Interpolate function:

  • 4 overloads, only showing 2 on slide.
  • This is templated by an interpolant - we didn't call it spline because we may have non-spline-based interpolation in future. We can use it with splines of different types now.
  • Interpolant is first parameter, then array of where we want to perform interpolation, then size of array, and where we want to store interpolation results. There is an indicator that shows the library which derivatives should be computed - each bit in this parameter indicates a certain derivative. Finally dependencies and hints for result storage and sites.
  • The other example overload takes a queue - this function will make computations associated with the input queue, not the queue that is associated with the interpolant. This may be needed if, for example, users want to perform interpolation with different queues where each queue corresponds to a certain subdevice but not the whole device, but using the same coefficients and other interpolation sites.
  • We also have an overload without computing derivatives.
  • Are the two hint parameters at the end independent of the interpolant?
    • Interpolant has its own hints for coefficients and function values; those hints are fully independent.

Example:

  • Functionality is in experimental namespace.
  • User will fill initial data, then construct spline where the certain spline type is passed as template parameter.
  • Here we construct a spline without precomputed coefficients.
  • After constructing the spline, we set some data such as partitions, coefficients, functions.
  • Then we call construct function to compute coefficients.
  • After that, the user will need to prepare data for interpolation results.
  • Then call interpolate function to get functional values. Example is without derivatives.
  • The example uses malloc_shared, which means both host and device can access.

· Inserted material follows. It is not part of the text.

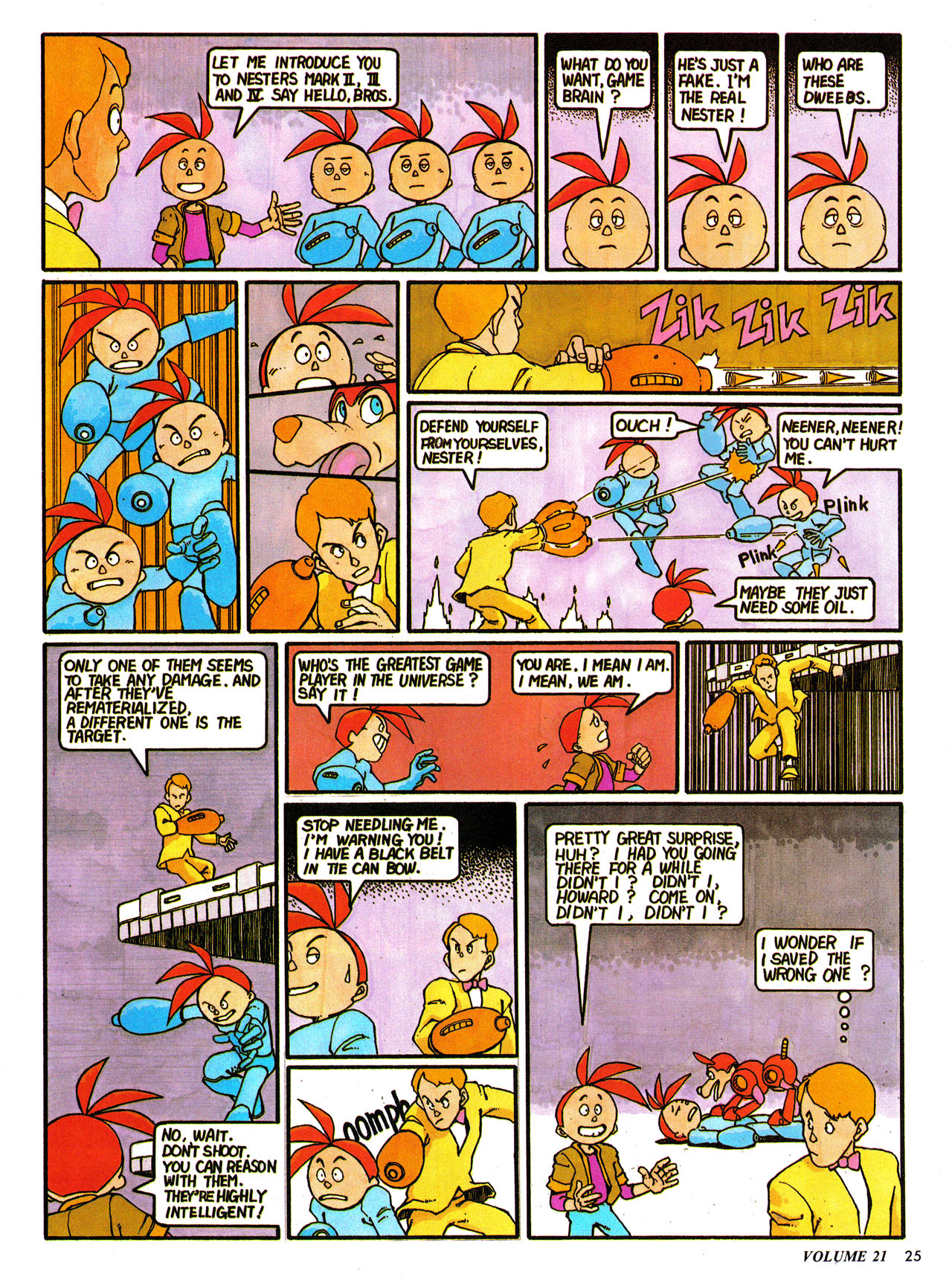 Read online Nintendo Power comic -  Issue #21 - 28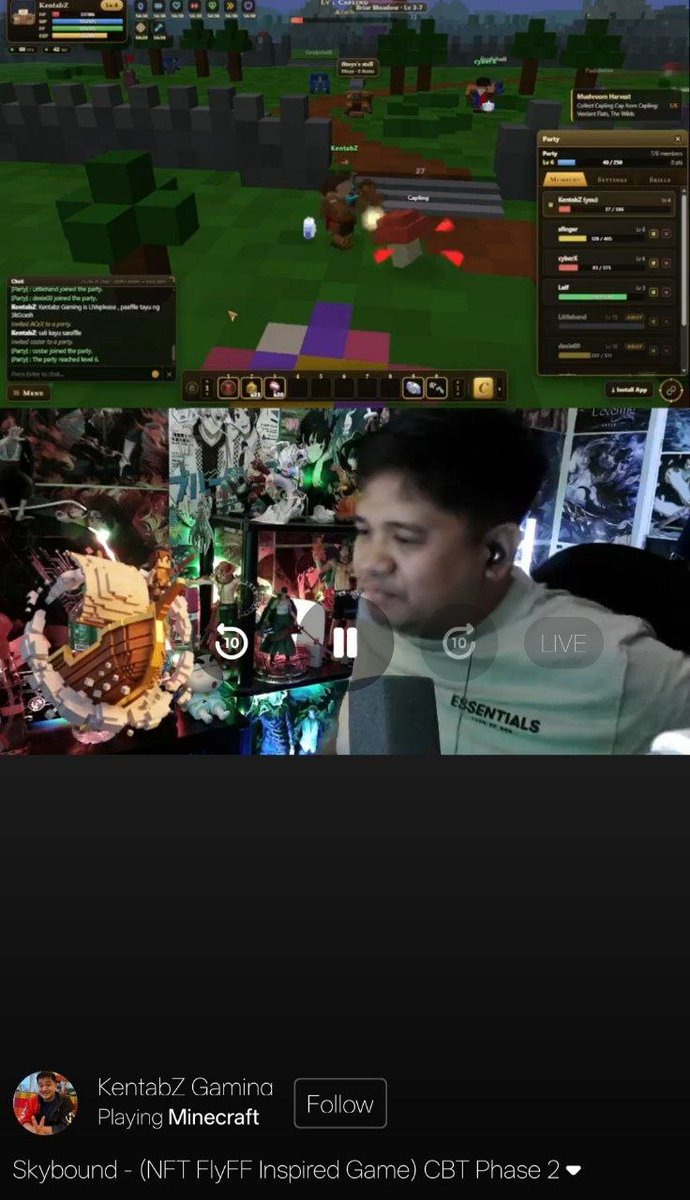 skyboundmmo's tweet photo. KENTABZ GAMING IS NOW LIVE! 🎮☁️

Does it also work with malloc_device?
    • Yes.
  • We're adding DPC++ data fitting interfaces to the oneMKL specification: pull request #413. Feedback is welcome!
  • Interfaces are also implemented in the upcoming Intel oneMKL 2022.1 release, so you can try it and may have more questions after that.
  • If you know someone who may be interested in spline interpolation functionality, please let us know.

Wrap-up:

  • Any timeline for when the FFT domain will be available in the open source oneMKL interfaces project?
    • Currently targeting the second half of 2022.
  • What is the process for deprecating v1.0 of the specification?
    • We'll get back to you on this.